Consciousness and Death

Death is a complicated, and disconcerting, thing that we must all eventually face in the end. After all, there is no escaping from the Grim Reaper, merely delaying his arrival. However, what if there is some way that death isn’t…… permanent? In today’s entry we’ll be discussing what death really entails for consciousness and the loss thereof.

When people often talk about “death” they often speak of an “eternal oblivion,” but such speak implies that there is an objective you to experience that eternal oblivion, when we all know that the very word “death” implies the cessation of existence, of nonbeing; nothing can experience the state of not existing because you don’t exist, it’s not a state you are in.

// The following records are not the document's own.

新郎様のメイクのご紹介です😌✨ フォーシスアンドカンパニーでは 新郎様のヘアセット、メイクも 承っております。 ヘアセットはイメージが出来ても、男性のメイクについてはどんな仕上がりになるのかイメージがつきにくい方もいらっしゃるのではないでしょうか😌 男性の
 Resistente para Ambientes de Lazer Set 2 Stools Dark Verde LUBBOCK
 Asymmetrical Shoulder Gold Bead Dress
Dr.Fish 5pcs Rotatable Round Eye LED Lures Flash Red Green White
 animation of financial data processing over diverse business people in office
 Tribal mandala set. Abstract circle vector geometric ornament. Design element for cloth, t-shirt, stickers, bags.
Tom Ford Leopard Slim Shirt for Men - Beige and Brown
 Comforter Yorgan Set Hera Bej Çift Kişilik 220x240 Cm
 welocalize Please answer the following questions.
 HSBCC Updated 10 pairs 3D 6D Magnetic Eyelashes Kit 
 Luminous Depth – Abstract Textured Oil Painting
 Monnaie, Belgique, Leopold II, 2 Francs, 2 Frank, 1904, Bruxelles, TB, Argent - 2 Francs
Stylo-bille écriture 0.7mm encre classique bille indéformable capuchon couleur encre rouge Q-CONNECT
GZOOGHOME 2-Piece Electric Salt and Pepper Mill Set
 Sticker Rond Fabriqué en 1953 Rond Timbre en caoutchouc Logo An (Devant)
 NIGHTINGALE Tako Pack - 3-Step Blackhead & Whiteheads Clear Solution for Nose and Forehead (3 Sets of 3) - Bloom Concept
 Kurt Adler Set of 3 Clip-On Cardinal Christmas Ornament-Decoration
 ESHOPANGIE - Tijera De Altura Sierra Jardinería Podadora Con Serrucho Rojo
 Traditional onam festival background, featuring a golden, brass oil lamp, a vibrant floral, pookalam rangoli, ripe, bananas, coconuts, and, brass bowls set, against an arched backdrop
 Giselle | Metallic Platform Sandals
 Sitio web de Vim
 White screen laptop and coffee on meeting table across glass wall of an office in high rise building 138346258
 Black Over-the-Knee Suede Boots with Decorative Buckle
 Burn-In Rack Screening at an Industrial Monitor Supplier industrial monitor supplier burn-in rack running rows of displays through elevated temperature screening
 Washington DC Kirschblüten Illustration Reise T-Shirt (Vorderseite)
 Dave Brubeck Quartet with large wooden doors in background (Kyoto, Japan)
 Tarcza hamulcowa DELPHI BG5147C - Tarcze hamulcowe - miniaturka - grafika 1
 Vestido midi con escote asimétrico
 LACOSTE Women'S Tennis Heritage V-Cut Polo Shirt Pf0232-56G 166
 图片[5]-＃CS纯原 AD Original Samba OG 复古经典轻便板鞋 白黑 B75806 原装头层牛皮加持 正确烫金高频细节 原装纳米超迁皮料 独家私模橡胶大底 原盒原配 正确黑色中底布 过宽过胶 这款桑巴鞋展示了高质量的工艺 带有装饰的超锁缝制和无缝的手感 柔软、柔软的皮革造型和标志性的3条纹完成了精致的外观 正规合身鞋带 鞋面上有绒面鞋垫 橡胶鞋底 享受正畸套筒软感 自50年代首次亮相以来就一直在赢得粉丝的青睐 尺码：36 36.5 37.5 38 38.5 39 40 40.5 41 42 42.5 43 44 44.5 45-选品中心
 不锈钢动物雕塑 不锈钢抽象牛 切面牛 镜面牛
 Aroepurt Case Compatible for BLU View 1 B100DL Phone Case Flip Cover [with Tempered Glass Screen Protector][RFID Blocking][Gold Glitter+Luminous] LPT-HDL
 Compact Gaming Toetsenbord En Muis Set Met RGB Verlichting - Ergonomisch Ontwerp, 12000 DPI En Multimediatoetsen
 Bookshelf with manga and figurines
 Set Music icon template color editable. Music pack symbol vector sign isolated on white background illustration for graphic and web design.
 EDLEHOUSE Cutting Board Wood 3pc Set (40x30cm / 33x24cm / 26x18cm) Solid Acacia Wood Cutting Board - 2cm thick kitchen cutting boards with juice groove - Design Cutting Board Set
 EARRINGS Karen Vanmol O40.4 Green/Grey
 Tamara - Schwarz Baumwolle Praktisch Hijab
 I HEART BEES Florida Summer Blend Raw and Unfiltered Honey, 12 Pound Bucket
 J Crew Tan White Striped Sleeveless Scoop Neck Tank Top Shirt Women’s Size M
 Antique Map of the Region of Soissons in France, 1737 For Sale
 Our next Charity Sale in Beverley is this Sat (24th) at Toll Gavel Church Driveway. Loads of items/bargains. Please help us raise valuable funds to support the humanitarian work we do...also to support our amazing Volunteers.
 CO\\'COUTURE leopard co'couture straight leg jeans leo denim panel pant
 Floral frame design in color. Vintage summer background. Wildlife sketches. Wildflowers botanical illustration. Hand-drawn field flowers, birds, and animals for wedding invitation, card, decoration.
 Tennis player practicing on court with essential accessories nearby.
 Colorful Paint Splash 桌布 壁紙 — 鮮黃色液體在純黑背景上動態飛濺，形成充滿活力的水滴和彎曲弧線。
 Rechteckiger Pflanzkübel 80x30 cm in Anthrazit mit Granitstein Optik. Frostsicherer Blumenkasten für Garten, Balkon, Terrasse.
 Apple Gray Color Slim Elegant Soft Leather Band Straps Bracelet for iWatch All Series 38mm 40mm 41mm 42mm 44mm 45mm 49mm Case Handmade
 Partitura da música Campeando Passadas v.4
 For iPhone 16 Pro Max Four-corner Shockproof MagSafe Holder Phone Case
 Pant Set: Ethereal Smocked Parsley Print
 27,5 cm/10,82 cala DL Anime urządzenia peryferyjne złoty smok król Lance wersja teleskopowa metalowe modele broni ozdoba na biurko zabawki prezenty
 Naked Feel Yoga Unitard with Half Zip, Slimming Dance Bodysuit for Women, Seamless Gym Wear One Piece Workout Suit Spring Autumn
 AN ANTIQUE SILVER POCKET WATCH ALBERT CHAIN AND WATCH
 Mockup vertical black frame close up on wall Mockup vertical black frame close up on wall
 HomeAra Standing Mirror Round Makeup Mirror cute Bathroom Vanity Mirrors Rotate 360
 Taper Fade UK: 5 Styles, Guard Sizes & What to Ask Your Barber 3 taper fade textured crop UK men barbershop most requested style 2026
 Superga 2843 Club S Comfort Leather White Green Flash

This ties back into my earlier forays into discussing antinatalism wherein I explained how some of the arguments for antinatalism are flawed because they presuppose an objective you existing to experience nonexistence, see those other posts for more detail, linked above.

Death is more akin to a mere interruption in consciousness, a bit like sleep really, except that in the traditional naturalistic view of death you don’t wake up. However, with recent advancements in our understanding of nature, as well as technological advancements in the near future that could theoretically enable you to emulate entire human minds, that might not necessarily be the case.

Even if we don’t find a way to emulate entire human minds on computers there always exists the possibility of a Boltzmann brain, which is essentially a thought experiment revolving around how the universe we live in isn’t as chaotic as thermodynamics says it should be, and how the possibility of a single consciousness, or “brain,” arising from random quantum flunctuations is more plausible than the current phase of the universe we find ourselves in, which itself spends most of eternity in a state of thermal equilibrium. If true, this thought experiment holds enormous consequences, but that’s a topic for another time entirely.

It’s entirely plausible, indeed even probable, that over a long enough period of time something with the same memories and thoughts and feelings as you have will arise out of mere random quantum flunctuations, this being a Boltzmann brain, and without delving into the “swamp man” thought experiment of the late and great American philosopher Donald Davidson, is you for all intents and purposes, and henceforth you’d “wake up” from the incredibly long slumber that is death.

Hence, even if it takes a really long time to “wake up,” not even the grim reaper himself can hold on to you forever. So if the inevitable prospect of death frightens you, think of the bright side, for you will wake up eventually, even if it takes a long-ass time to do so.


A Purposeless Universe

It should go without saying that our universe has no intent, if such a vast universe were made solely for us, a meek species of ape that can only inhabit a small portion of the surface of one average planet, in one average solar system, in an average, minor even, arm of an unextraordinary galaxy that is merely one out of hundreds of billions of galaxies in our own universe alone, why is it that the vast majority of that universe is deadly, far and wide, to humanity. Indeed, the universe is trying to kill us every day. To think that we are special, that this universe was made just for us, is absurd, and it is not only absurd, but arrogant and foolish as well.

One could accuse me of being a nihilist, but I am merely stating objective reality, and if one were to continue reading further, you will see that is not the case at all. Just because the universe is without purpose doesn’t mean you, the reader, are without purpose, or I, the author, am without purpose. It would be absurd to say otherwise. But we weren’t “created” with any divine plan in mind, the fact that we exist at all is statistically unlikely, the result of a chance encounter between one sperm and one egg, which itself is the result of a chance encounter between one man and one woman. Your parents. If one were to roll back the clock, would your parents still get together and have sex on that particular night that that particular sperm and egg happened to combine? I don’t know, but I don’t think the universe is deterministic, so if I were a betting man, I would bet that the probability of that chance encounter happening again would be effectively nil.

But what does give us purpose, then, if no one intended for us to even exist? Well, you see, the answer is simple. We ourselves give our lives whatever purpose we desire within our own limited time here on Earth. So don’t lament that fact, embrace it instead. You can be out there, creating a legacy that will far outlast your death, if you only cared enough. We ourselves determine if we will be remembered or not by future generations based off of our actions, and in that respect, only we can give ourselves purpose.